**Available data:**
* * * * * * *
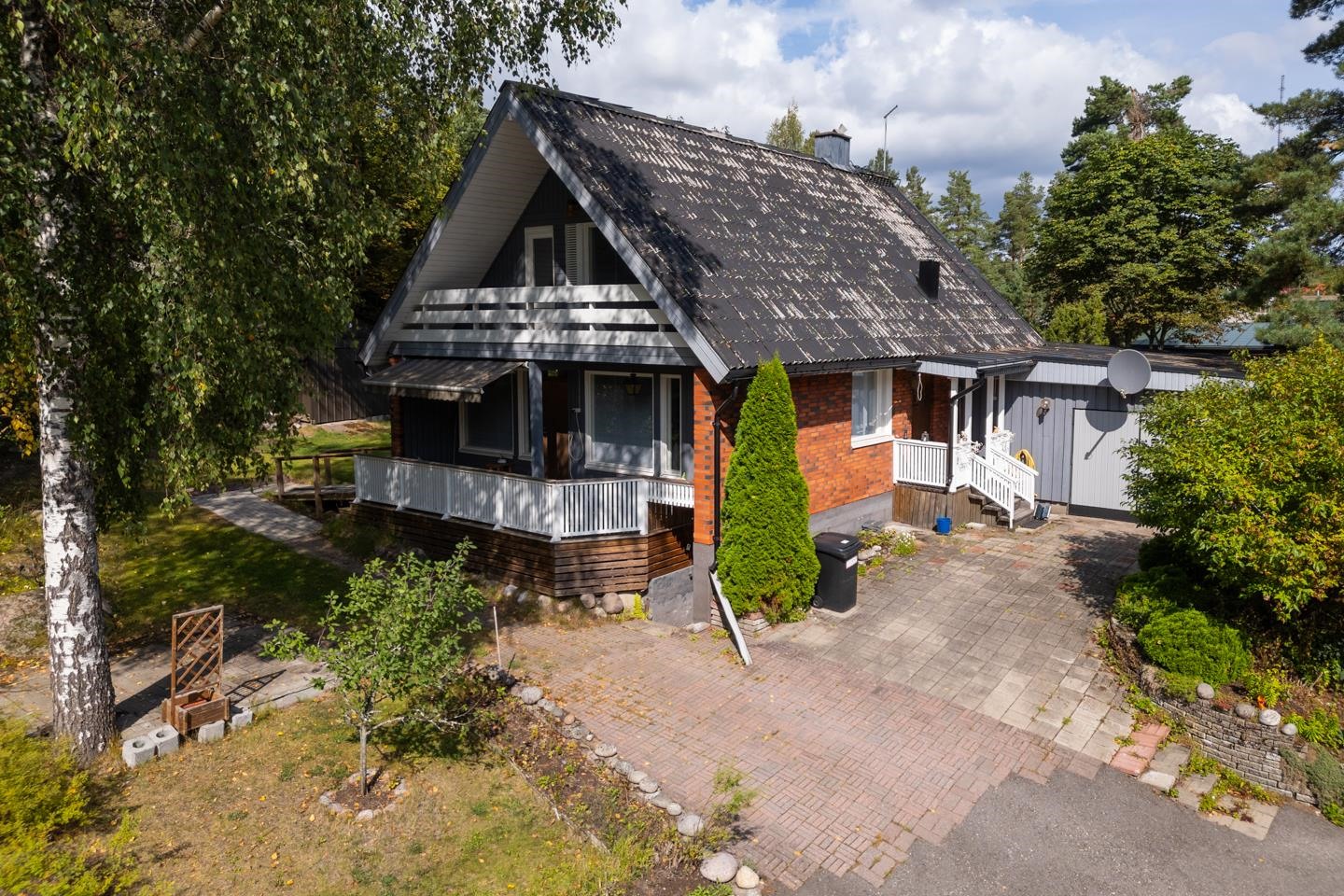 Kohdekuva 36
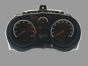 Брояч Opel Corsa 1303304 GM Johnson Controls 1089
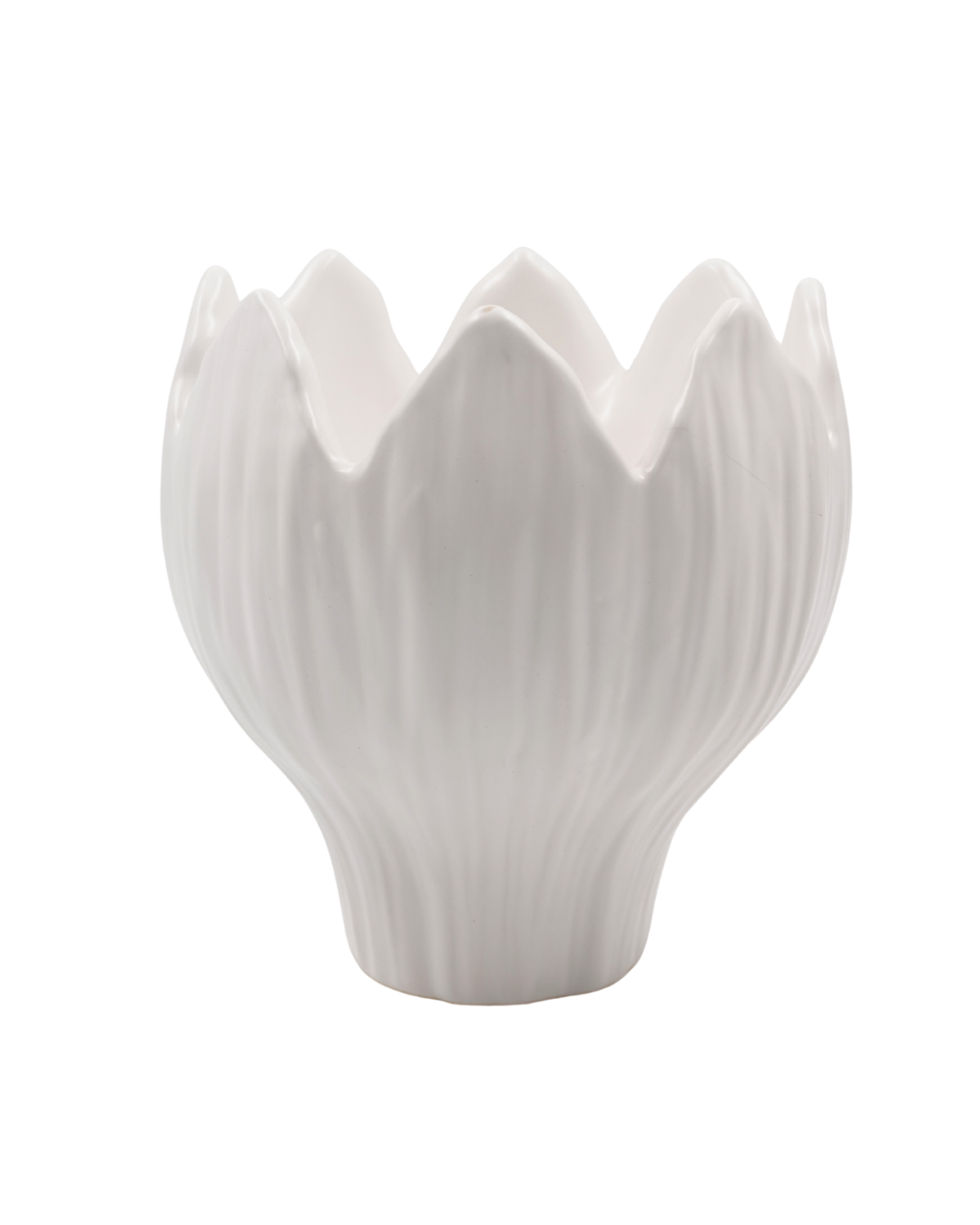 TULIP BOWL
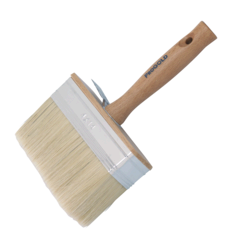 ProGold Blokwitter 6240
* * * * * * *
The expected answer is the listing above, duplicated exactly, with its pictures removed.

**Written solution:**
 Kohdekuva 36
 Брояч Opel Corsa 1303304 GM Johnson Controls 1089
 TULIP BOWL
 ProGold Blokwitter 6240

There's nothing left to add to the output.